▶ [Goal of the exercise]: Could you copy every entry exactly, with nothing changed?
··· Input for this task
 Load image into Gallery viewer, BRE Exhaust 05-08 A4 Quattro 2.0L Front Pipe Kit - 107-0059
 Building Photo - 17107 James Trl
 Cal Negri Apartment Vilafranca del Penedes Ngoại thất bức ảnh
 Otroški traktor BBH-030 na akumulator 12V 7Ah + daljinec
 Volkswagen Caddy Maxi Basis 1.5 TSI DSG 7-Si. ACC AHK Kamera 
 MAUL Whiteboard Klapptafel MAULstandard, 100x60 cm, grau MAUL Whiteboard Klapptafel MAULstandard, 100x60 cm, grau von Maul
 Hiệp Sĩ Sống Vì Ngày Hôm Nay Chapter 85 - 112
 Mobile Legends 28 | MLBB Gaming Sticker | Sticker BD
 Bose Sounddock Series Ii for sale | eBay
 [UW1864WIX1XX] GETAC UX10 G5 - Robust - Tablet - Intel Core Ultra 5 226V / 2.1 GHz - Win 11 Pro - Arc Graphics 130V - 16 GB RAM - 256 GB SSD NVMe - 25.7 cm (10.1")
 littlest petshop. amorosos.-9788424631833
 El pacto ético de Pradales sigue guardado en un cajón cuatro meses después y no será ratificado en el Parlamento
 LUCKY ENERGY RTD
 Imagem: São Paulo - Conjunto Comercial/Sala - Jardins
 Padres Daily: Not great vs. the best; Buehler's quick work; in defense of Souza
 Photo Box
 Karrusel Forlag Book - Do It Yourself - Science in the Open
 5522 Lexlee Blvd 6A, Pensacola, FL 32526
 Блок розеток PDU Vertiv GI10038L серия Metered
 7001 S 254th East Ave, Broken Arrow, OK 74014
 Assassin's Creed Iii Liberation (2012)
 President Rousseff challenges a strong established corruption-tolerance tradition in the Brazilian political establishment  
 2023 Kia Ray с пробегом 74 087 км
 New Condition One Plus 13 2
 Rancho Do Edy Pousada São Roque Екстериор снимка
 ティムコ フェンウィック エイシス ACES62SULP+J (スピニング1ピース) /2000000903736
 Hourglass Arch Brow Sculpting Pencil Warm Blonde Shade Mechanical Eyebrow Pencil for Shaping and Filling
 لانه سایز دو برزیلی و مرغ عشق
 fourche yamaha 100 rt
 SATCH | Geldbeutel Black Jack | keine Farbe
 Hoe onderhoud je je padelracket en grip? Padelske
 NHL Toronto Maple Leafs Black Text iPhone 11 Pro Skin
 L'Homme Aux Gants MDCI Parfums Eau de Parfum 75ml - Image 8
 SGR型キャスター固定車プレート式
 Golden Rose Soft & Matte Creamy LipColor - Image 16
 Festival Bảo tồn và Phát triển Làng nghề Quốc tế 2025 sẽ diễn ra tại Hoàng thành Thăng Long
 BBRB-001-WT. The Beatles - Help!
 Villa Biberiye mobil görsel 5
······
▶ [Problem solution]:
 Load image into Gallery viewer, BRE Exhaust 05-08 A4 Quattro 2.0L Front Pipe Kit - 107-0059
 Building Photo - 17107 James Trl
 Cal Negri Apartment Vilafranca del Penedes Ngoại thất bức ảnh
 Otroški traktor BBH-030 na akumulator 12V 7Ah + daljinec
 Volkswagen Caddy Maxi Basis 1.5 TSI DSG 7-Si. ACC AHK Kamera 
 MAUL Whiteboard Klapptafel MAULstandard, 100x60 cm, grau MAUL Whiteboard Klapptafel MAULstandard, 100x60 cm, grau von Maul
 Hiệp Sĩ Sống Vì Ngày Hôm Nay Chapter 85 - 112
 Mobile Legends 28 | MLBB Gaming Sticker | Sticker BD
 Bose Sounddock Series Ii for sale | eBay
 [UW1864WIX1XX] GETAC UX10 G5 - Robust - Tablet - Intel Core Ultra 5 226V / 2.1 GHz - Win 11 Pro - Arc Graphics 130V - 16 GB RAM - 256 GB SSD NVMe - 25.7 cm (10.1")
 littlest petshop. amorosos.-9788424631833
 El pacto ético de Pradales sigue guardado en un cajón cuatro meses después y no será ratificado en el Parlamento
 LUCKY ENERGY RTD
 Imagem: São Paulo - Conjunto Comercial/Sala - Jardins
 Padres Daily: Not great vs. the best; Buehler's quick work; in defense of Souza
 Photo Box
 Karrusel Forlag Book - Do It Yourself - Science in the Open
 5522 Lexlee Blvd 6A, Pensacola, FL 32526
 Блок розеток PDU Vertiv GI10038L серия Metered
 7001 S 254th East Ave, Broken Arrow, OK 74014
 Assassin's Creed Iii Liberation (2012)
 President Rousseff challenges a strong established corruption-tolerance tradition in the Brazilian political establishment  
 2023 Kia Ray с пробегом 74 087 км
 New Condition One Plus 13 2
 Rancho Do Edy Pousada São Roque Екстериор снимка
 ティムコ フェンウィック エイシス ACES62SULP+J (スピニング1ピース) /2000000903736
 Hourglass Arch Brow Sculpting Pencil Warm Blonde Shade Mechanical Eyebrow Pencil for Shaping and Filling
 لانه سایز دو برزیلی و مرغ عشق
 fourche yamaha 100 rt
 SATCH | Geldbeutel Black Jack | keine Farbe
 Hoe onderhoud je je padelracket en grip? Padelske
 NHL Toronto Maple Leafs Black Text iPhone 11 Pro Skin
 L'Homme Aux Gants MDCI Parfums Eau de Parfum 75ml - Image 8
 SGR型キャスター固定車プレート式
 Golden Rose Soft & Matte Creamy LipColor - Image 16
 Festival Bảo tồn và Phát triển Làng nghề Quốc tế 2025 sẽ diễn ra tại Hoàng thành Thăng Long
 BBRB-001-WT. The Beatles - Help!
 Villa Biberiye mobil görsel 5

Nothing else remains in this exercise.